Diese Narrative schließen sich nicht immer gegenseitig aus und vermischen sich oft in einer einzigen Botschaft, wie bei Starmer, der historische Bindungen und eine starke Partnerschaft verband.
Abschließende Gedanken: Die Welt bereitet sich auf „echte Deals“ vor
Die erste Welle internationaler Reaktionen auf Trumps Amtseinführung zeigte, dass das globale Establishment, in Erinnerung an die Erfahrungen seiner ersten Amtszeit, keine Illusionen hegt. Stattdessen demonstriert es die Bereitschaft zu harten Verhandlungen und zur kompromisslosen Verteidigung eigener Interessen. Europa erinnert an seine Stärke und Einheit, der Nahe Osten erwartet aktive, möglicherweise gewaltsame Lösungen, und Handelspartner wollen die Wirtschaft vor politischen Stürmen schützen. Die Ukraine, wie aus Selenskyjs Erklärung hervorgeht, nimmt eine Position des strategischen Pragmatismus ein, bereit zum Dialog in Schlüsselfragen der Sicherheit und des Wiederaufbaus.
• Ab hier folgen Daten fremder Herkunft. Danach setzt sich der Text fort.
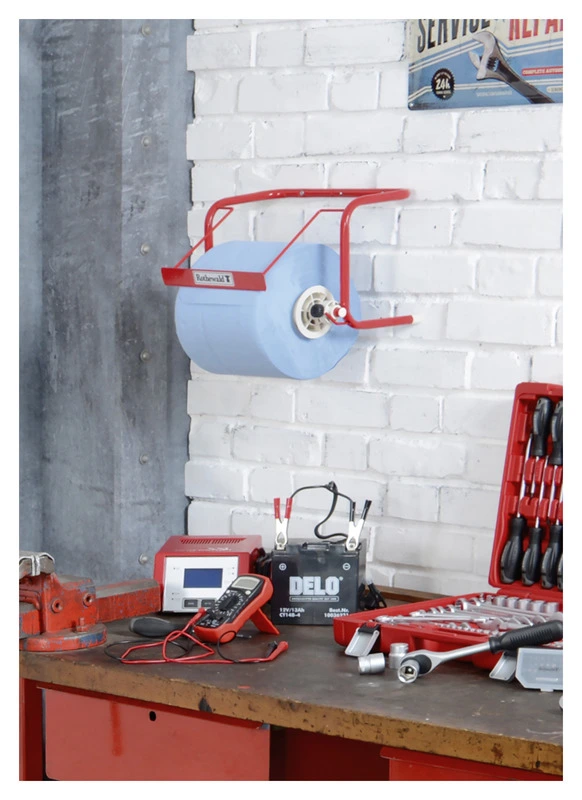 Werkstatt-Tuch-Rollenhalter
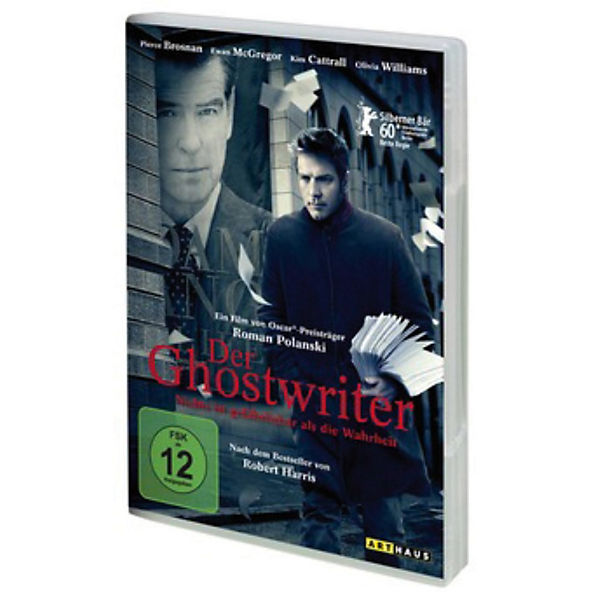 DVD Der Ghostwriter - Arthaus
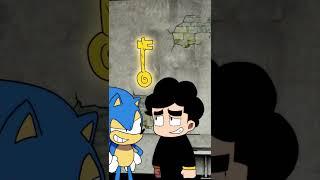 Sonic and LOKMAN vs Baldi #shorts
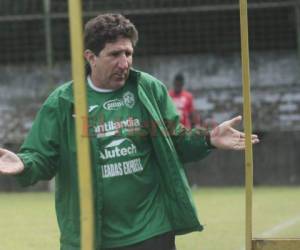 Héctor Vargas, entrenador de Marathón. Foto Grupo OPSA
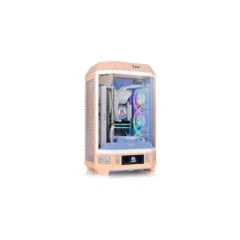 Thermaltake The Tower 300 - Peach Fuzz - Micro-ATX / Mini-ITX Compact PC Case, SPCC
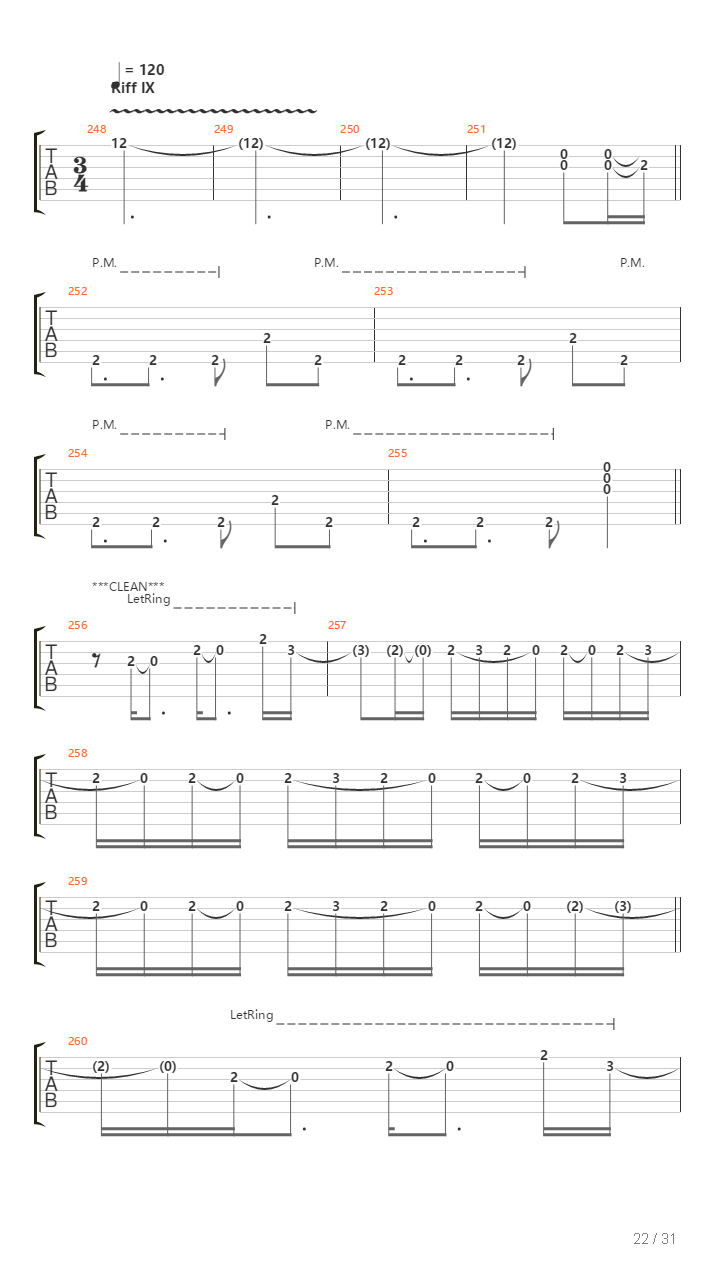 Compendium吉他谱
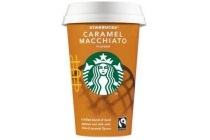 starbucks ice coffee caramel macchiato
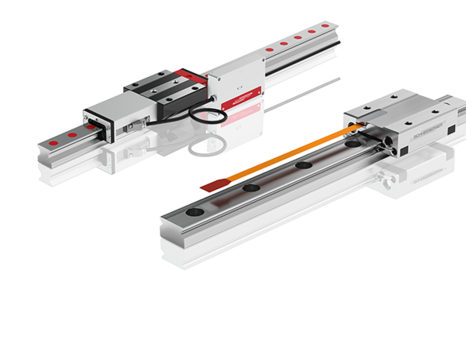 Linear Bearing with Integrated Measuring System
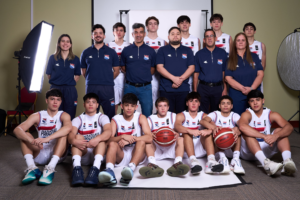 Los chicos U15 de Paraguay se imponen a Venezuela en baloncesto
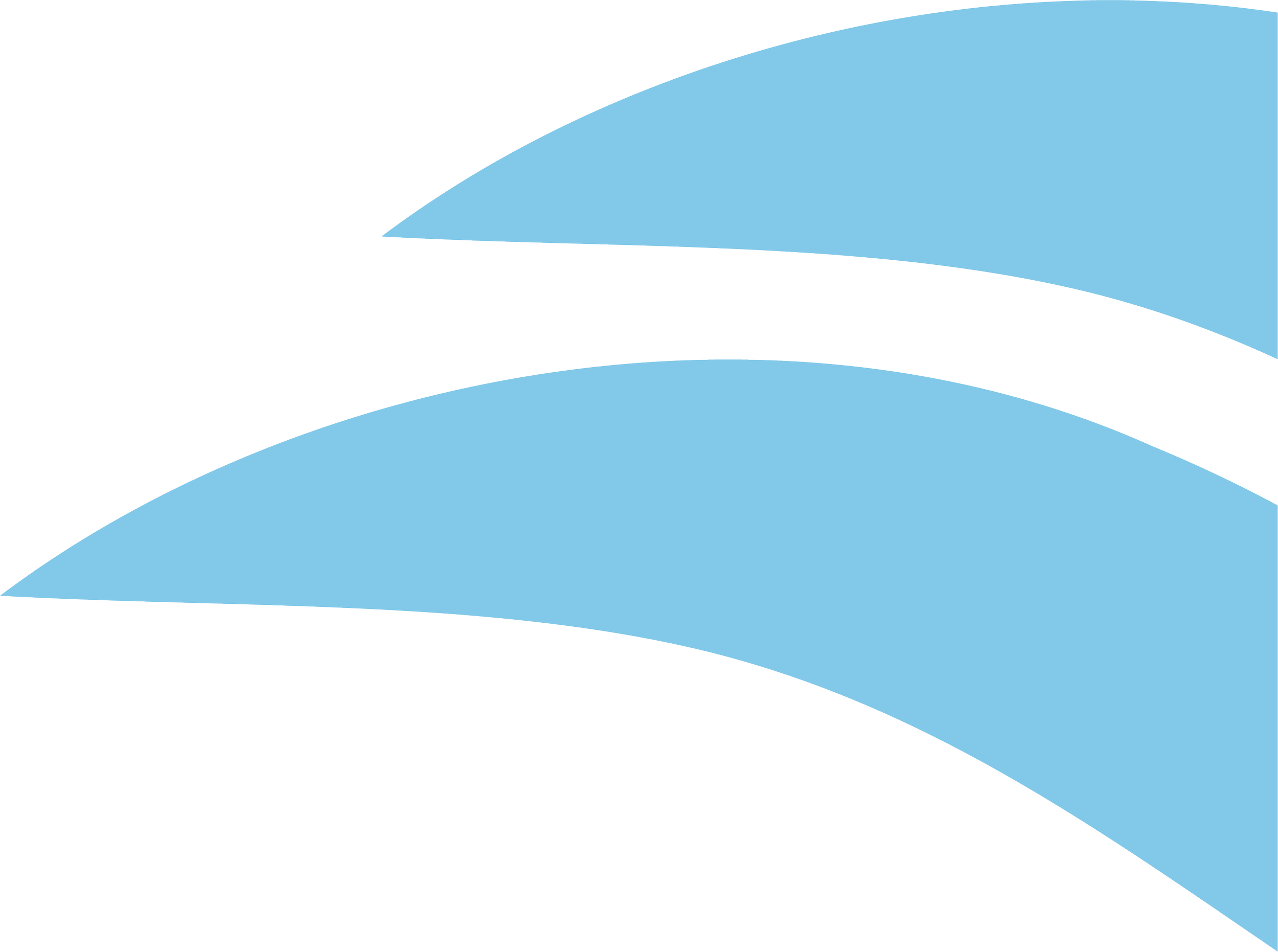 Abstract background with black, white, and light blue curved shapes.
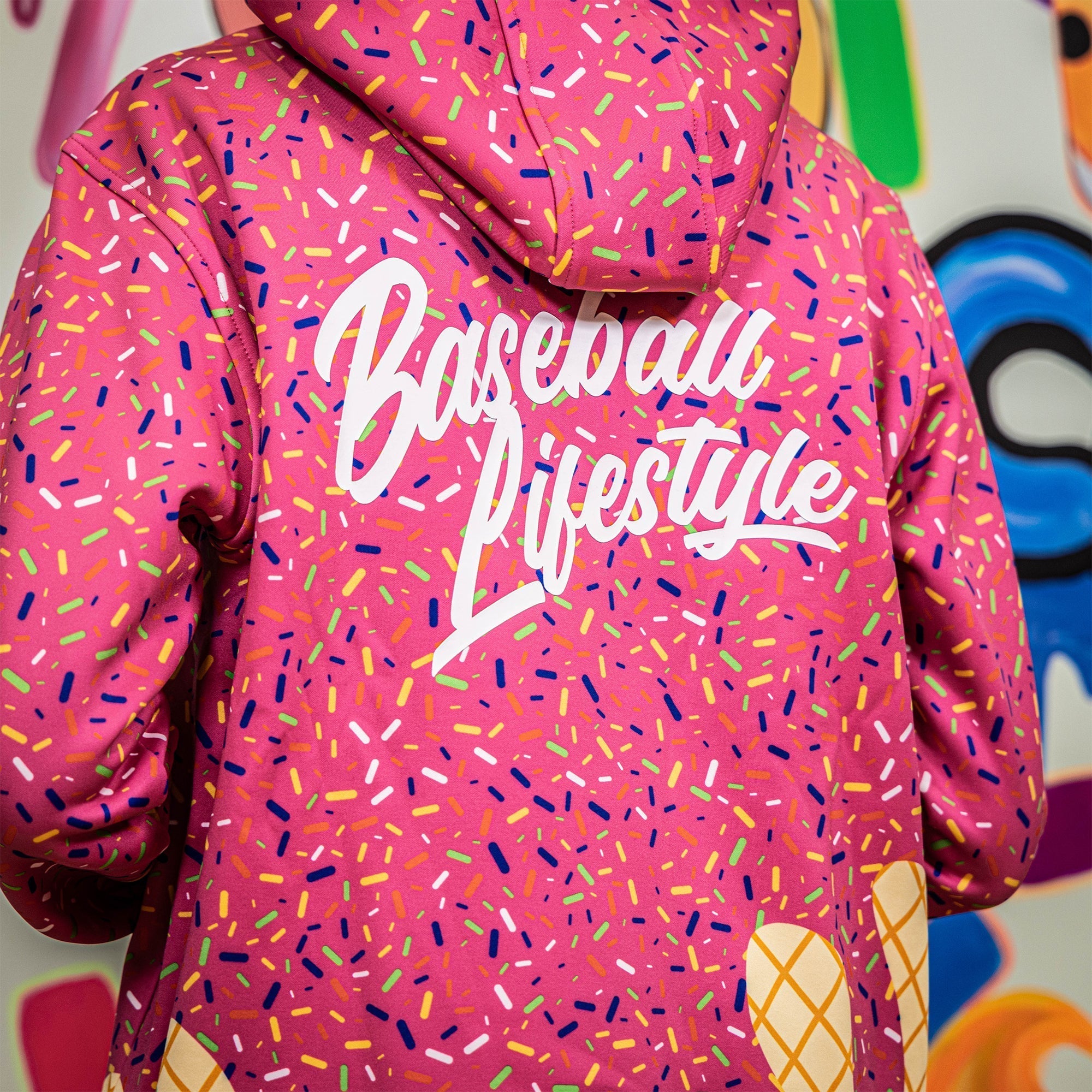 Ice Cream Hoodie - Strawberry T-Shirts, Sweatshirt | CoreVibeTees.com (Image 3)
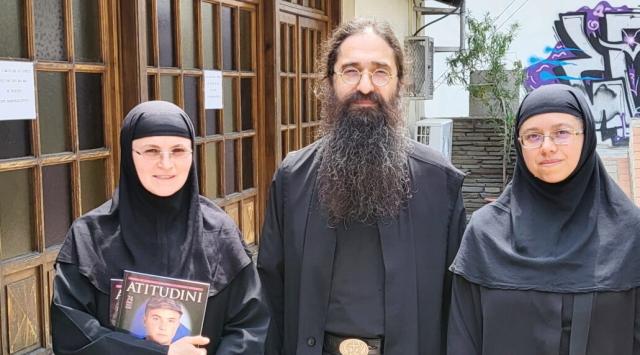Părintele Arhimandrit Varnava Iangos vine la Iași: conferință și lansare de carte – „Fericirile, răspunsul dat lumii”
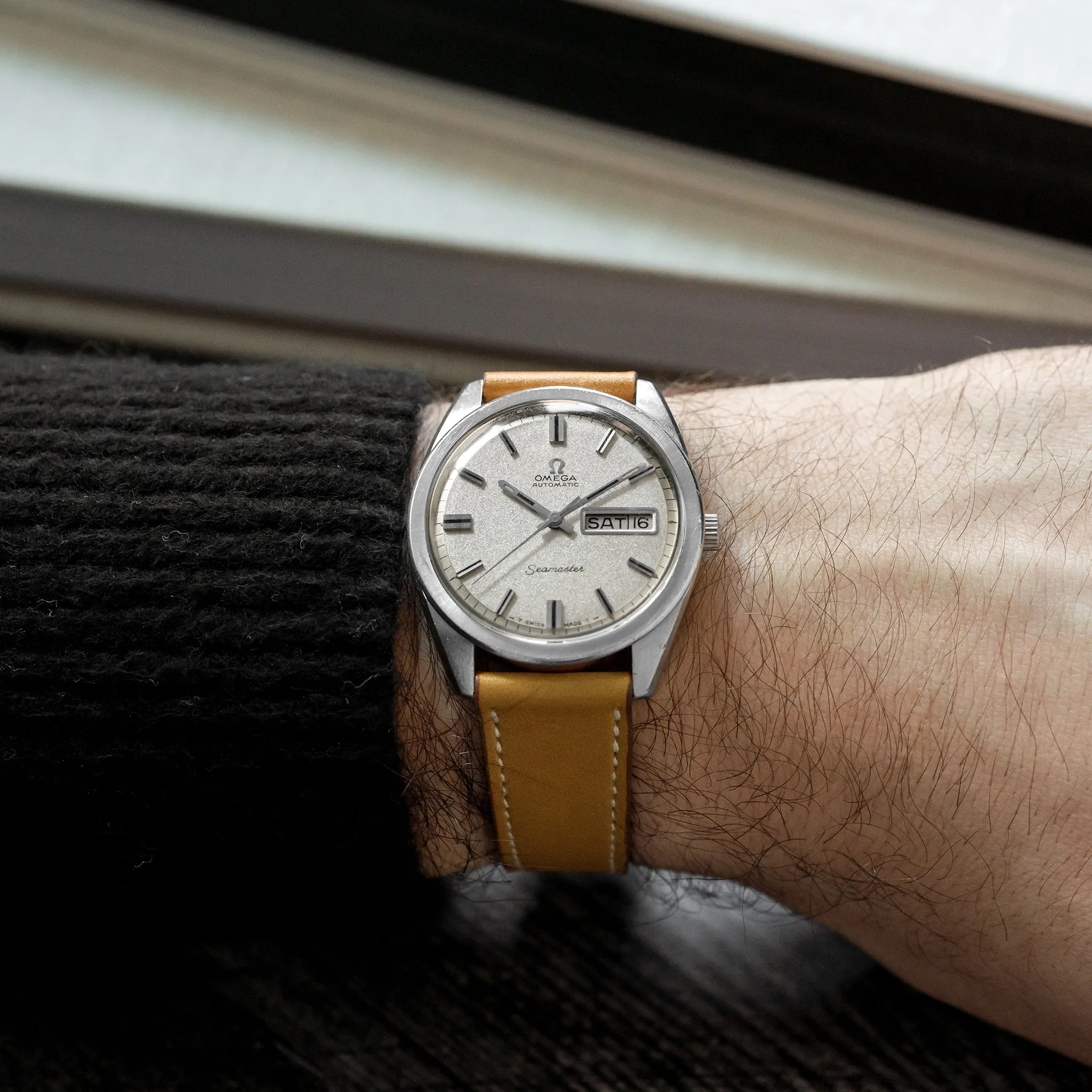 1969 Omega Seamaster Automatic Day-Date Ref. 168.023 / 166.032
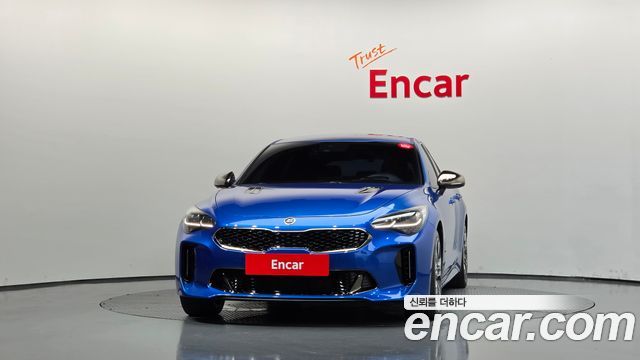 Kia Stinger из Кореи Encar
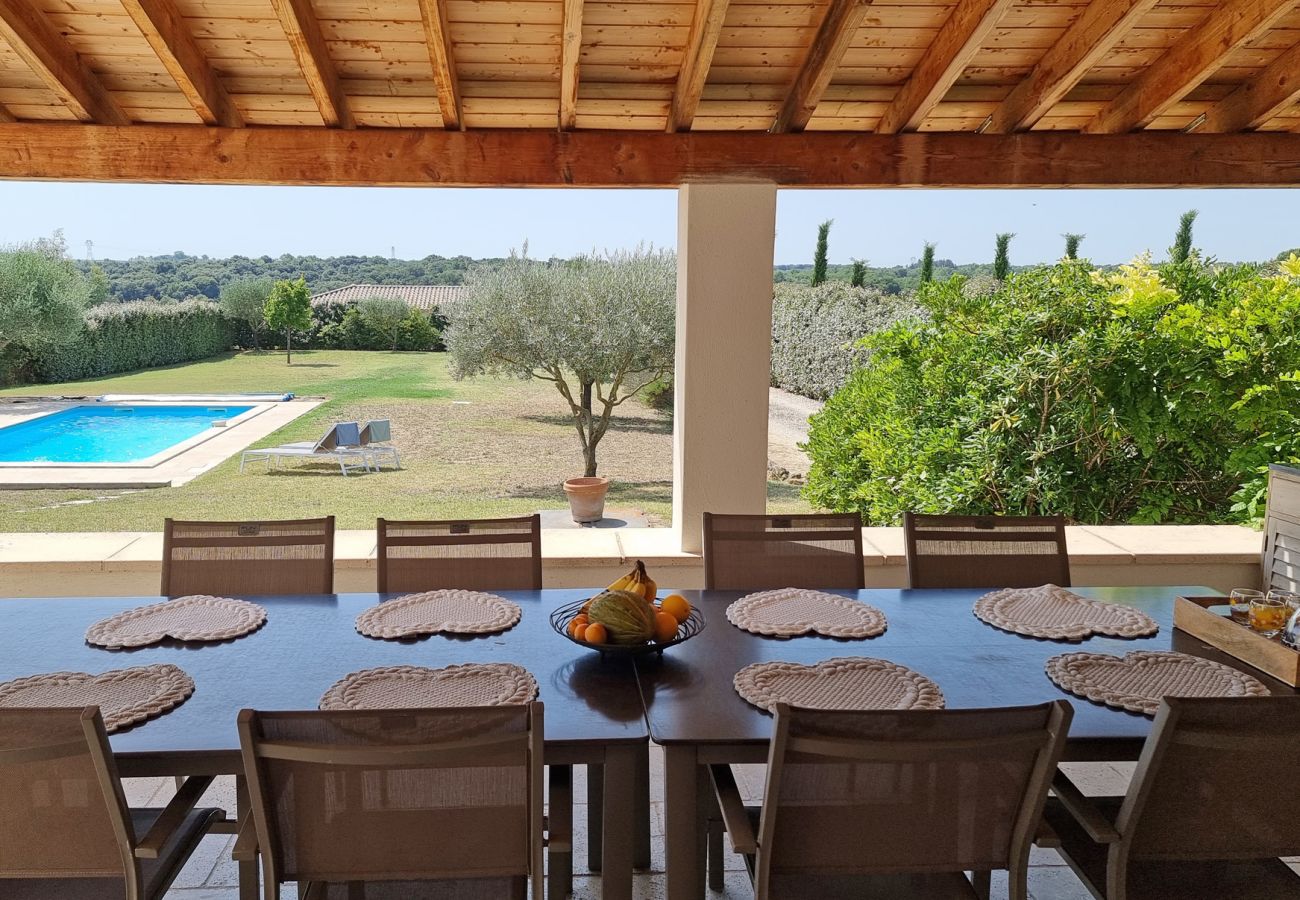 Villa in Pougnadoresse - Maison Roquebeauresse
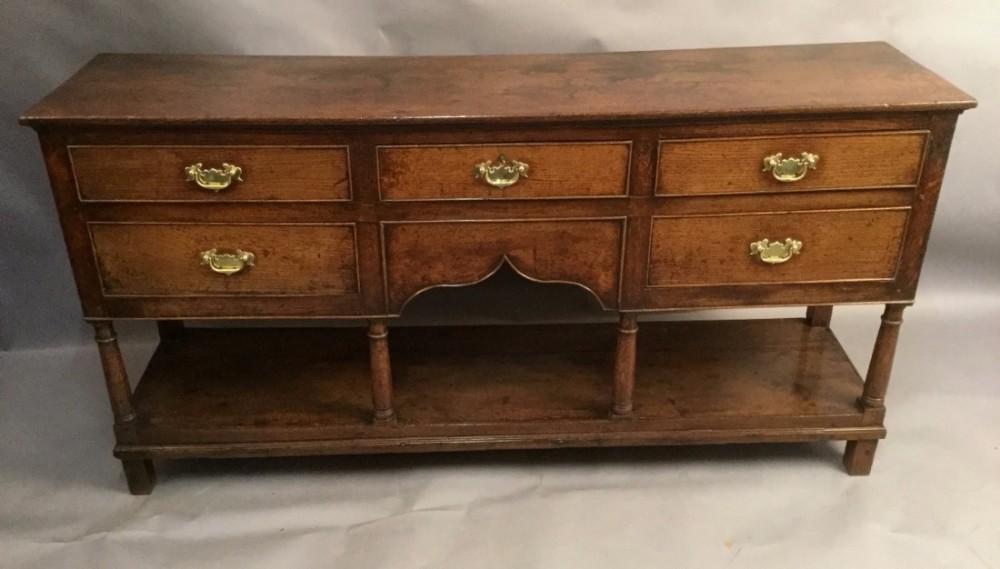 Georgian Oak Dresser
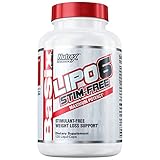 Nutrex Research Lipo-6 Stim-Free, 120 Count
Die Antrittsrede des neuen US-Präsidenten setzte den Ton im Inland, aber erst diese Antworten aus dem Ausland umreißen die Konturen der Herausforderungen, denen er sich auf der internationalen Bühne gegenübersehen wird. Die Welt, so scheint es, erwartet keine „Flitterwochen“, sondern kommt sofort zur Sache – der Diskussion „echter Deals“ in den Bereichen Sicherheit, Handel und Konfliktlösung. Wie der finnische Präsident Alexander Stubb anmerkte, bleiben die USA ein „wichtiger strategischer Partner“, doch die Art dieser Partnerschaft wird erneut auf die Probe gestellt.